The way it hurt to see her living life without him was unexpected. But he had time to fix it now. And he would start by fixing her laptop. When he was done with that an hour later, curiosity got the better of him, and he had to see what she’d been up to in his absence. He sat at his computer and pulled up the browser, where he typed in Olivia’s name.
The images at the top of the search results made his gut churn. She stood with a smile on her face next to a man he recognized as a celebrity chef. She wore a cream-colored wedding gown and clutched a bouquet of purple roses. Olivia hated roses. That much he knew. The marriage was doomed to fail from the beginning. He chuckled at the memory that led to him discovering her hatred of roses. She’d thrown a bouquet—vase and all—at his head when he’d been trying to apologize for going so long with no contact at all.
He clicked through more links and found the engagement announcement, video of the wedding, and footage of them at a nightclub on their honeymoon in Ibiza. A few months later, the gossip turned a little dark. Was he abusing her? Were they into extreme S/M play? All the speculation was there, and reporters caught Olivia in long sleeves and sunglasses. She stopped showing up at the conventions she loved to cosplay at and withdrew from the people around her. Including her friends at Exposure.
And then one day everything stopped. She wasn’t mentioned in the media anymore. The chef’s show was canceled because he was retiring and moving out of the country, and he was no longer trying to take Olivia to the cleaners in the divorce. Instead, he gave her a nice lump sum of money and the judge signed off on them never needing to speak again. Likely Peter’s doing.
But Ripley still wanted to tear the man to pieces for having touched his girl. Olivia was his and had been from the day they met.

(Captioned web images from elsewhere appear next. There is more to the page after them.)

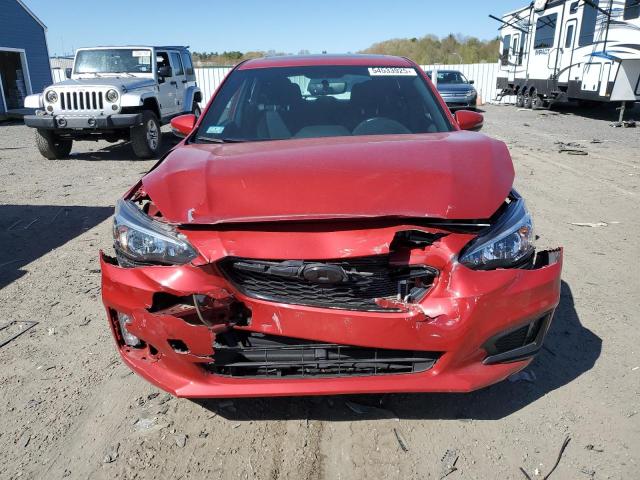  SUBARU IMPREZA 2017 Red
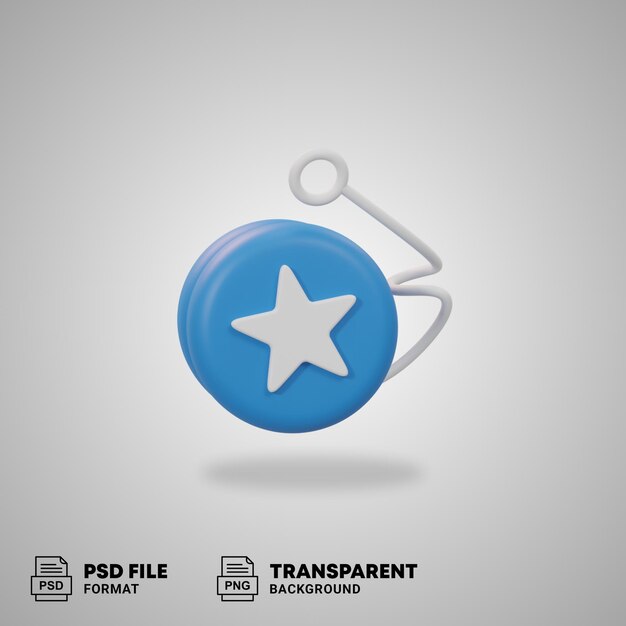 PSD icono 3d para juguetes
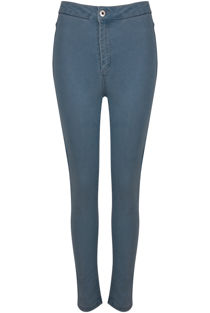 Blue Denim High Waist Tube Jeans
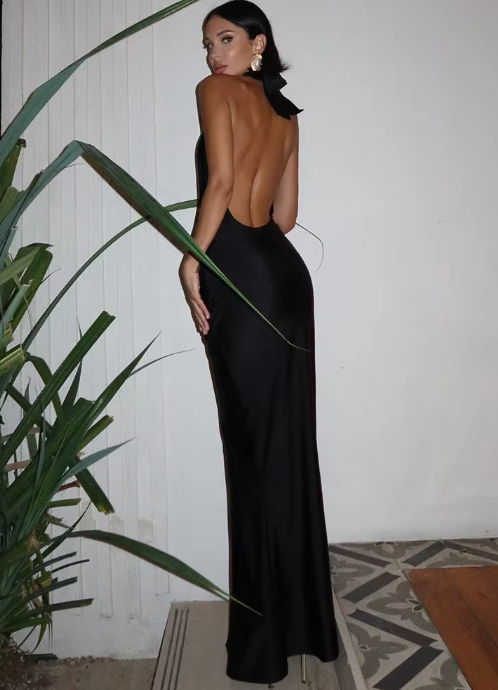 Margaret | Fashion Deep V-Neck Backless Dress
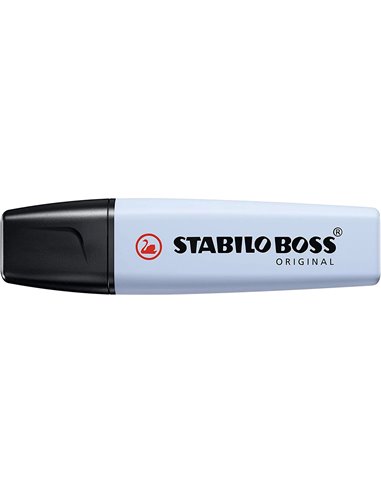 Surligneur stabilo boss original pastel encre base eau pointe biseautee largeur trace 2/5mm coloris nuage de.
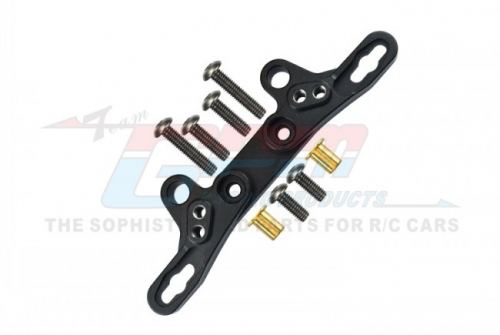 GPM Racing Tamiya TT-02 Aluminum Front/rear Damper Plate - 1pc Black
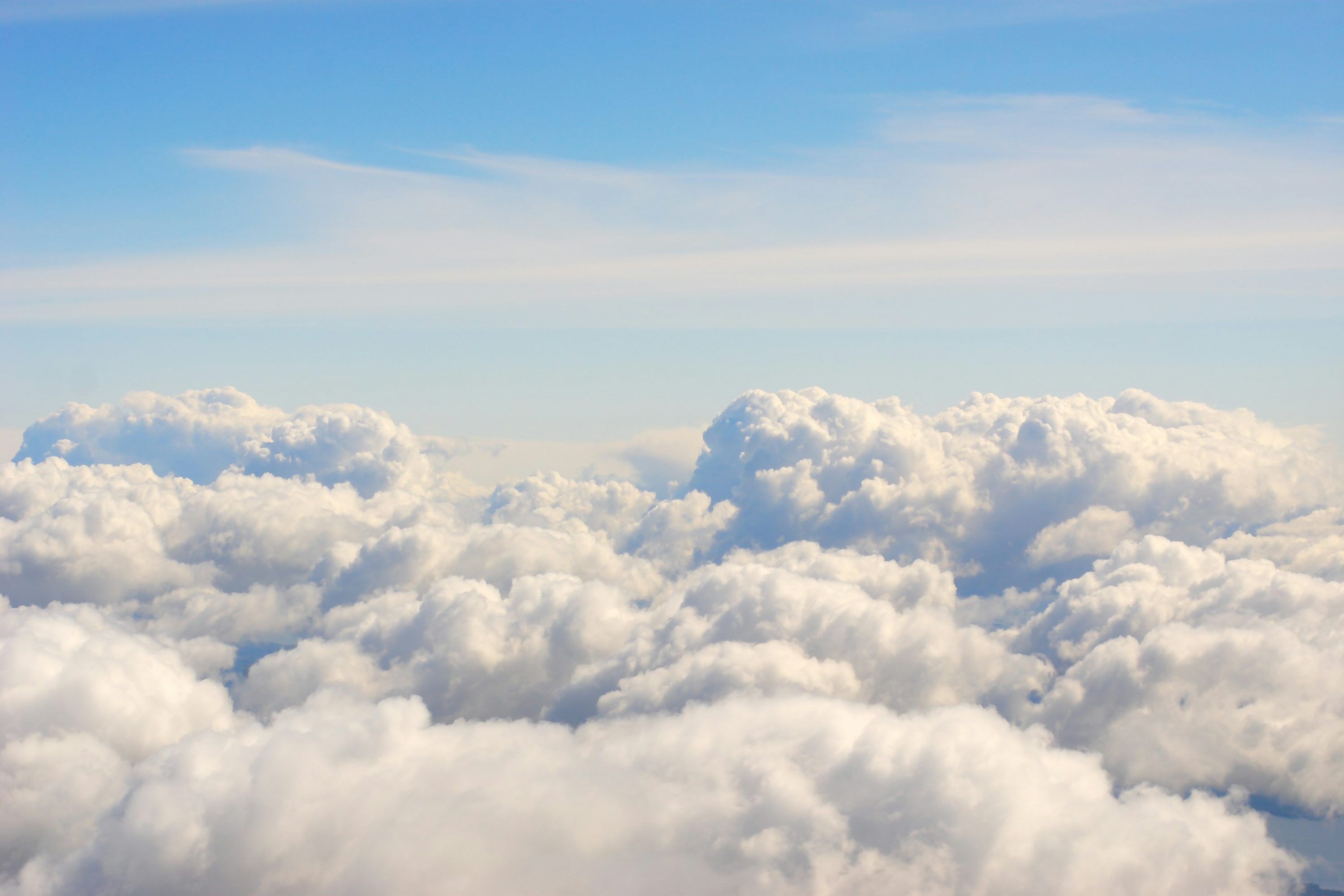 3000x2000 Nimbus clouds and blue calm sky photo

Was it this chef who tried to burn her bar down? He switched to a different machine—one with more protection from hacking—and searched for any sign that Mario DeBarr had been in the D.C. area lately. At first glance, it looked like he was still in the UK. He’d opened a restaurant there, and it was thriving. But Ripley didn’t trust anything at first glance. He was going to get to the bottom of this and find out who burned down her bar. And she was going to let him.
Within an hour, he had the man’s financial records in front of him as well as travel records and several police reports from previous relationships. Mario DeBarr was definitely an abusive bastard. Even if he didn’t start the fire, Ripley wanted to kill him.
His eyes were blurry by the time he’d finished combing through the data he’d accessed. There was some missing, and he knew it would take some work to get it, but he would do it. For now, he had to track down coffee and another shower. The one he’d gotten at Exposure was overpowered by the smoke at the bar.
In the shower, he leaned against the wall and thought about his last mission overseas. He wasn’t sure what to make of the fact that he’d walked away. It wasn’t entirely by choice, of course, but he was at peace with it.